Il dit que briser la barrière de la perception est le point culminant de tout ce que font les voyants. À partir du moment où cette barrière est brisée, l’homme et son destin prennent un sens différent pour les guerriers. En raison de l’importance transcendantale de briser cette barrière, les nouveaux voyants utilisent l’acte de la briser comme un test final. Le test consiste à sauter d’un sommet de montagne dans un abîme tout en étant dans un état de conscience normale. Si le guerrier qui saute dans l’abîme n’efface pas le monde quotidien et n’en assemble pas un autre avant d’atteindre le fond, il meurt.

« Ce que tu vas faire, c’est faire disparaître ce monde, » continua-t-il, « mais tu vas rester en quelque sorte toi-même. C’est le bastion ultime de la conscience, celui sur lequel les nouveaux voyants comptent. Ils savent qu’après avoir brûlé de conscience, ils conservent en quelque sorte le sentiment d’être eux-mêmes. »

Il sourit et montra du doigt une rue que nous pouvions voir d’où nous nous trouvions – la rue où Genaro m’avait montré les mystères de l’alignement.

« Cette rue, comme n’importe quelle autre, mène à l’éternité, » dit-il. « Tout ce que tu as à faire est de la suivre dans un silence intérieur total. Il est temps. Va maintenant ! Va ! »
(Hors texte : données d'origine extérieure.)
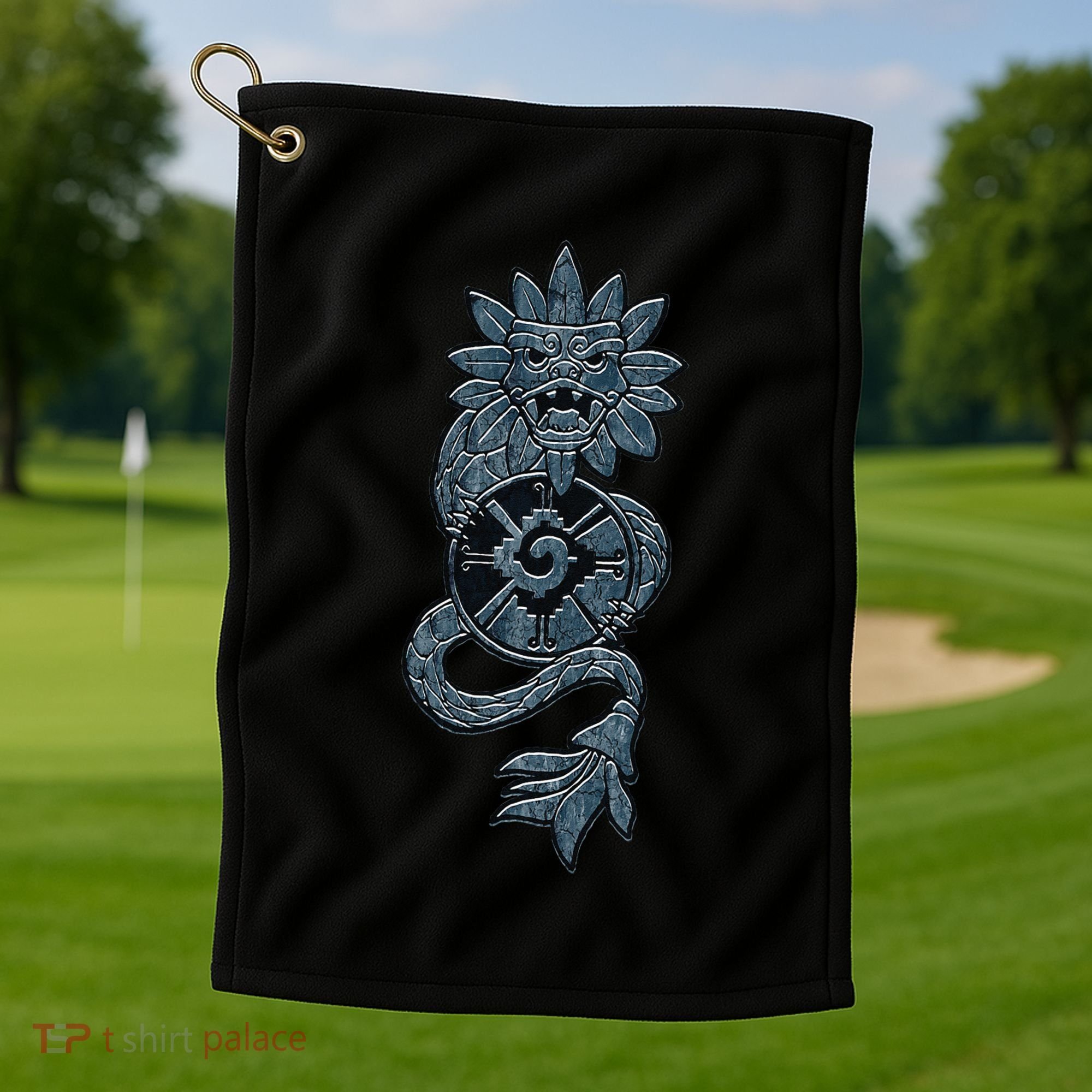 Quetzalcoatl Aztec Serpent Mayan Aztec Stone Inca Toltec Golf Towel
Il se retourna et s’éloigna de moi. Genaro l’attendait au coin de la rue. Genaro me fit un signe de la main puis un geste m’incitant à venir. Don Juan continua de marcher sans se retourner. Genaro le rejoignit. Je commençai à les suivre, mais je savais que c’était faux. Au lieu de cela, j’allai dans la direction opposée. La rue était sombre, solitaire et lugubre. Je ne me complaisais pas dans les sentiments d’échec ou d’insuffisance. Je marchai en silence intérieur. Mon point d’assemblage se déplaçait à grande vitesse. Je vis les trois alliés. La ligne de leur milieu les faisait ressembler à s’ils souriaient de côté. Je sentis que j’étais frivole. Et puis une force semblable au vent emporta le monde.